Et la volonté est enfin revenue. Alors, tout a changé. Le renouveau de la joie dans un corps rendu à sa robustesse naturelle, l'aisance, la souplesse, l'agilité des mouvements ; le bonheur d'être et d'empoigner la vie à plein coeur, à pleines dents, à plein corps ; l'allégresse au combat, et cette sensation puissante de se sentir, de science certaine, le meilleur, et de le prouver. Oreille ; oreilles ; oreilles et queue... Partout, presque partout le triomphe. Peu importent les toros, ceux de Bilbao et ceux de Valladolid, ceux de Valencia ou ceux de Salamanque.
Sa meilleure faena ? Qui le dira, et qui le sait ? Partout où Camino a coupé deux oreilles, et parfois une seule, chacun est persuadé de lui avoir vu réaliser sa meilleure faena, les comptes rendus de presse le démontrent, et c'est probablement vrai. J'ai vu la perfection à Santander, mais à Valladolid aussi. Etait-ce mieux qu'à Nîmes ? Certainement, non.
A Valladolid, le 18 septembre, lorsqu'il s'est laissé tomber à genoux à l'endroit même du brindis à ce bébé dans les bras de sa jeune maman, il a tiré du Galache quatre passes sans bouger enchaînées sur un redondo debout qui m'ont mis les larmes aux yeux, tant il y avait de grandeur et de beauté dans cet affrontement. Prélude à une faena admirable. Mais ces faenas ne les a-t-il pas, cette année, prodiguées ?

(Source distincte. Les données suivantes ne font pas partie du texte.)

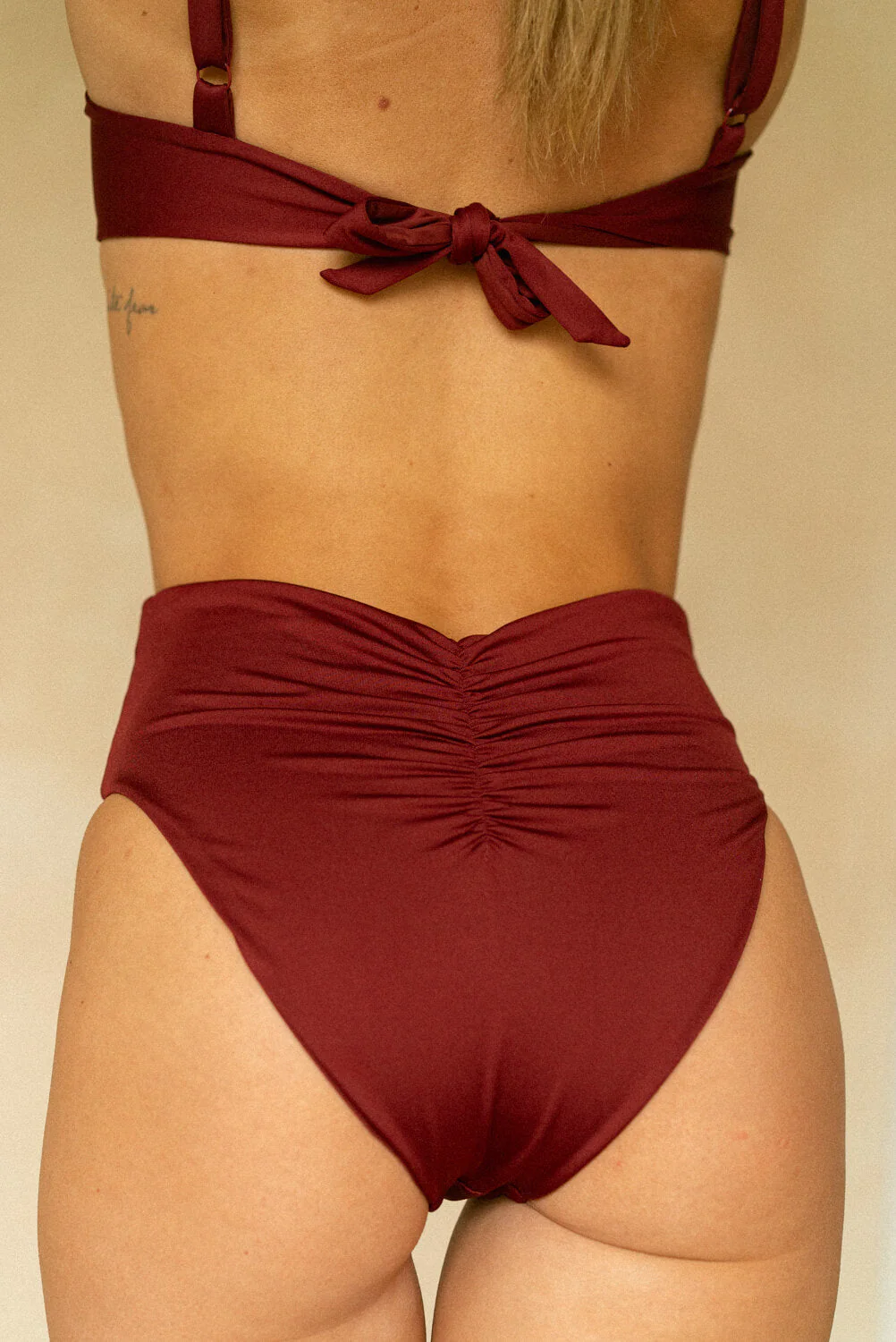 The High-Waisted Scrunch Bottoms - Pomegranate - Image 2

Il y a plus. La maîtrise de Camino l'a porté bien au-delà du toreo conventionnel de notre époque, toreo qui ne s'écarte guère, en règle générale, de la banalité. Si j'ose dire, à la période d'application a succédé la période de mutation, celle de son toreo à lui. A l'heure présente, il est impossible de confondre le style de Paco Camino avec un autre, quel qu'il soit. Dans l'exécution de passes, à des moments identiques, il y a le je ne sais quoi qui porte sa marque. Je ne crois pas forcer la vérité en écrivant que le jeune maître a eu le mérite de repenser son toreo et de le remodeler à la mesure de son intelligence et de ses surprenantes facultés. Il me semble, d'ailleurs, qu'il s'agit moins d'invention que d'adaptation. Ainsi des fameuses «trois chicuelinas», prodige de maîtrise, de finesse, de précision, d'élégance, d'art enfin, suffisantes à elles seules pour subjuguer toute une plaza. Si l'on décompose puis reconstitue par la pensée les trois temps de leur exécution, sans en omettre surtout l'imperceptible instant d'arrêt qui marque le centre de la suerte, on a la démonstration d'une virtuosité technique éblouissante et telle que personne auparavant, même pas Chicuelo lui-même, n'avait à ce point conféré à cette fioriture aujourd'hui devenue banale le caractère d'un chef-d'oeuvre sans précédent.
Et nous savons combien le muletero rendrait des points au capeador. Il suffit de bien observer pour comprendre à quel Point Camino se situe hors du commun. Abandonnant à d'autres, moins forts que lui, la tromperie du toreo de profil, sinon pour en jouer, Camino fait des arpèges avec le toreo de face. Quand le toro est brave, il se récrée à nous présenter toute la gamme des attitudes possibles entre la face et le profil, dans ses séries de naturelles et de redondos qui sont autant d'images de la perfection. Mais quelle que soit la position du moment, il est toujours centré avec le toro ; il se croise avec lui.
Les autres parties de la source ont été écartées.